Your premium is that amount of money you pay for your insurance normally per month. You could pay it yourself or your place of employment pays a portion for you. You are purchasing a “plan” from the company. It is important as a customer of an insurance company that you know what your plan does and does not cover. That way you can make sure that they pay for services that they agreed to pay for and you are not surprised when they don’t pay for services they never agreed to cover.
When asking for information about your plan you will want to familiarize yourself with their terms such as: “subject to deductible”, “subject to co-pay”, “subject to co-insurance”, “in-network and out of network” and “maximum out of pocket” will be used to describe your coverage.
Important Insurance Terms
In-Network: Doctors can choose to be “in-network” with certain companies. In order to be in-network, the doctor must agree to terms with the specified insurance company to accept the amount of money the insurance company says a service is worth. If the doctor’s fee is higher than what the insurance company allows, the doctor will write off the rest. For example, the doctor will charge $70.00 for an adjustment, but Blue Cross Blue Shield says that same service is only worth $44.32. That is all they will pay. So the doctor will accept that payment and write off the $16.68. The amount your insurance company will pay for services is different for doctors who are NOT in network. So if you chose to see a doctor out of network you will probably end up paying more out of your pocket for the services.
Deductible: This is the amount that must be paid out of pocket before your insurance will pay anything on a claim. For example, if you have a $300.00 deductible then you will pay $300.00 worth of bills to your Doctor(s) before your insurance pays anything. After you have paid or “met” your deductible, your doctor visits will be subject to a co-pay, co-insurance, or may be paid completely by your insurance company.
Co-pay: A fixed amount that you pay each time you go to the doctor.
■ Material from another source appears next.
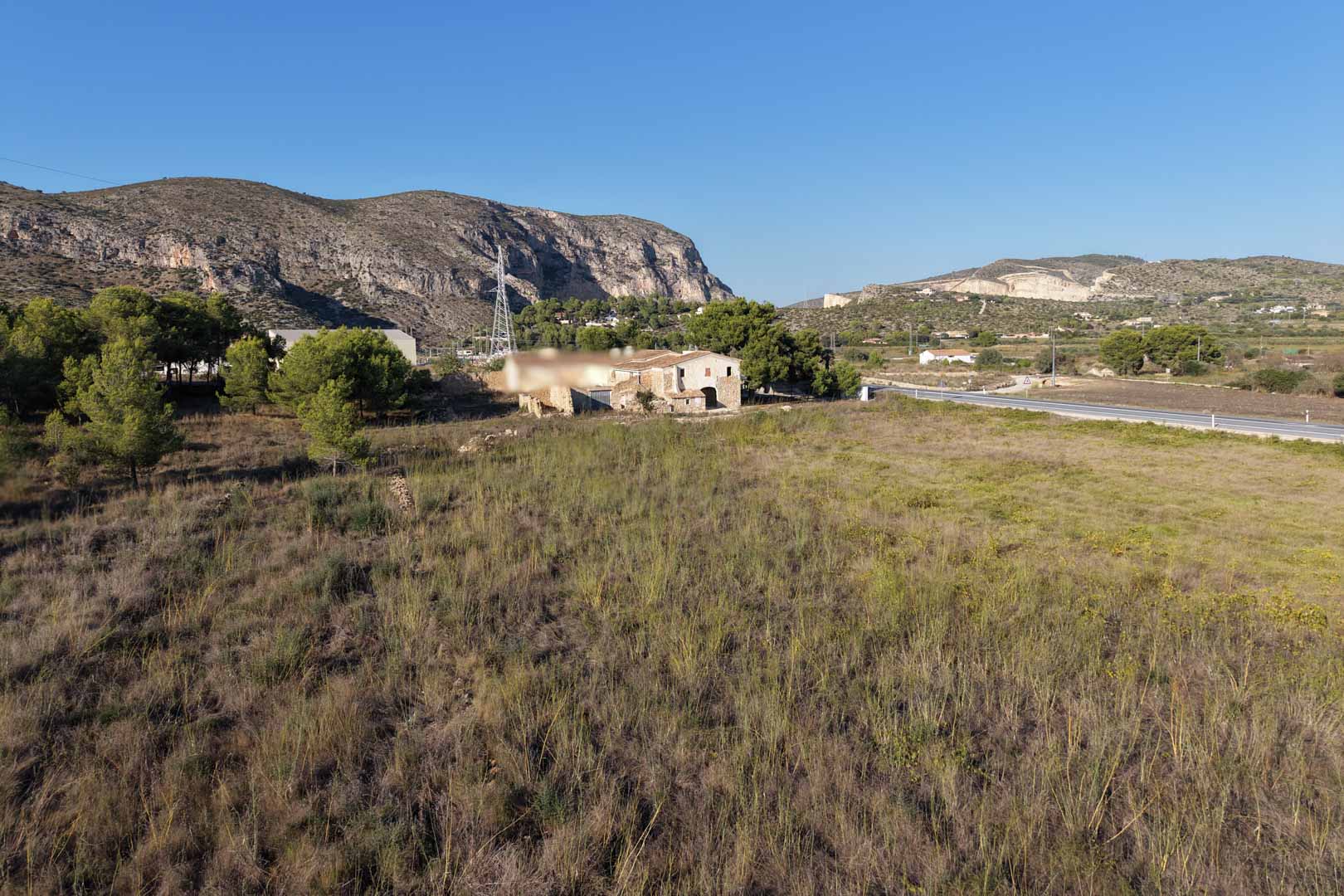 Panoramisch uitzicht op het traditionele stenen huis op een uitgestrekt landelijk perceel, omringd door mediterrane vegetatie en bergen in Teulada.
Co-insurance: Co-insurance is a percentage of the bill that you pay yourself; the rest is paid by your insurance company. So if there is a 20% co-insurance you will pay 20% of the charges for your visit and your insurance company will pay the other 80%.
Maximum out of pocket: A dollar amount limit paid by the patient. Once you have hit your out of pocket maximum for the year, your insurance company may pay all claims after that at 100%. However it is important to ask what accrues towards this out of pocket maximum. For example you may have a $6000 out of pocket maximum, however the copays or deductibles you paid for alternative care are waived from accruing towards that $6000 maximum, meaning it may take longer to reach that out of pocket maximum to have claims covered at 100%.